Le dialogue est rapporté par Jean Beleth dans Rationale divinorum officiorum chapitre 122.

Il y dit aussi que le pape répondit:
"Attends un instant et je vais te répondre en rentrant ce que tu mérites."
- "Si tu ne rentres pas" dit Hilaire, "qui me répondra à ta place ?"

En effet le pape Libère ne rentra jamais plus. Une subite crise de dysenterie le fit mourir misérablement.

Vérité mais Charité

Contemporain de Saint Athanase et de Saint Basile, Saint Hilaire mena le même combat qu'eux pour la défense de la vraie Foi. On l'a surnommé "l'Athanase d'occident". Mais une qualité domine chez lui que nous ne devons pas passer sous silence: la tolérance.

Il s'oppose à ce que ses adversaires religieux soient persécutés... Il ne veut, au synode de Paris (361), qu'aucun des anciens évêques ariens revenus au catholicisme ne perde son siège. Il se rend dans les églises hérétiques pour prier avec eux.

Le rite gallican

Saint Hilaire célébrait sa messe dans le rituel gallican. Dans le texte ci-joint le pape Grégoire le Grand reconnaît pleinement la validité de ce rituel.

"Saint Augustin de Canterbury à Grégoire le Grand: Pourquoi existe-t-il une seule Foi et les constitutions des Eglises si différentes, et un autre rite de messe dans l'Eglise Romaine et dans les Eglises des gaules ? Réponse du bienheureux pape Grégoire le Grand (septembre 602). Ta fraternité (toi frère) connaît la constitution (l'usage de l'Eglise romaine dont tu te souviens - dans laquelle tu te gardes). Mais il me plaît (je désire) que tu puisses choisir ce que tu trouves ou bien dans celle de Rome, ou celle des gaules, ou dans une autre Eglise qui puisse le mieux plaire au Dieu Tout-Puissant.

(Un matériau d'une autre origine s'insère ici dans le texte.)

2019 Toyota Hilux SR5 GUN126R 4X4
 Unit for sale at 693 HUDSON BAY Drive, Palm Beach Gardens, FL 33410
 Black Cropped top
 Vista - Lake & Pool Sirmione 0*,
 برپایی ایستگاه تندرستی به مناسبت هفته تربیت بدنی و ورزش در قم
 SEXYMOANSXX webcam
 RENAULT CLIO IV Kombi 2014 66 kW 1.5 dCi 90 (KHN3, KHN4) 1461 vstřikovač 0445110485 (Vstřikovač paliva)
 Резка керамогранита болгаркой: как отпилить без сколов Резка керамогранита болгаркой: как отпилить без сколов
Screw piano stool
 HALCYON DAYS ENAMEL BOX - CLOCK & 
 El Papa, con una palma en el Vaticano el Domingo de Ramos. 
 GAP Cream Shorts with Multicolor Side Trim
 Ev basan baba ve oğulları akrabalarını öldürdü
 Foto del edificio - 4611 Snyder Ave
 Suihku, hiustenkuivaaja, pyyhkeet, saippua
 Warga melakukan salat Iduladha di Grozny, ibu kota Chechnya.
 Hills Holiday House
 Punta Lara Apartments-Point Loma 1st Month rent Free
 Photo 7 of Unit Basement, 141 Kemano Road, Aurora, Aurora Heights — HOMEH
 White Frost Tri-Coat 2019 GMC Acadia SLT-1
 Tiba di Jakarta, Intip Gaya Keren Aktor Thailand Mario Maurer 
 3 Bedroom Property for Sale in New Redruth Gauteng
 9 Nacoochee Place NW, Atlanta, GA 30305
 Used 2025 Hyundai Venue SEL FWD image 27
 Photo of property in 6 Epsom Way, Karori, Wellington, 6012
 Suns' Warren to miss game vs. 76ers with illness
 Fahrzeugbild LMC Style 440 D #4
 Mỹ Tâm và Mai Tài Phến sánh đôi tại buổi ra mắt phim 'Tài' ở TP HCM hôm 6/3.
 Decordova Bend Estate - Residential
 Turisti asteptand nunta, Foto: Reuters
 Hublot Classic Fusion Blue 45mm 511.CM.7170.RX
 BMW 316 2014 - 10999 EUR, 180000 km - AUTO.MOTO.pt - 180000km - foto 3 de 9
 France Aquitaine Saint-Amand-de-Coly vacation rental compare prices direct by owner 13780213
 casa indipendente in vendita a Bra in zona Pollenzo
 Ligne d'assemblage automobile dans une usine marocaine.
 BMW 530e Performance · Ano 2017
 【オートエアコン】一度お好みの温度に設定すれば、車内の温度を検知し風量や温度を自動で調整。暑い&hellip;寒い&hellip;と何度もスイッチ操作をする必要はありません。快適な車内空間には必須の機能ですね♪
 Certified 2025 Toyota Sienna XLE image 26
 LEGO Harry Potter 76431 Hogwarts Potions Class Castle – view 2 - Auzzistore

Dans l'Eglise des anglais qui est nouvellement confirmée (instituée) dans la Foi, tu peux introduire ce que tu auras pris de plusieurs Eglises, parce que ce ne sont pas les lieux qui nous sont donnés pour les choses mais les choses pour les différents lieux. Choisis dans les différentes Eglises ce qui est pieux, ce qui est religieux, ce qui est juste, en faisant un codex offre aux anglais ce qui convient à leur esprit et à leur usage." Patrologie latine, vol. 77 - (Migne), page 1186/1187

La fille de Saint Hilaire s'appelait Apia.

Il écrivit aussi des commentaires de Saint Mathieu et des psaumes.

On lui doit aussi le "Traité des Mystères".

A Libère succéda un autre pape hérétique: Félix II.

Puis en 366 il y eut deux papes: Ursinus, continuant l'hérésie arienne et Damase 1er, catholique-orthodoxe.

Après Saint Hilaire c'est Saint Delphin, évêque de Bordeaux qui préside l'Eglise Gallicane (synode de Bordeaux - 381).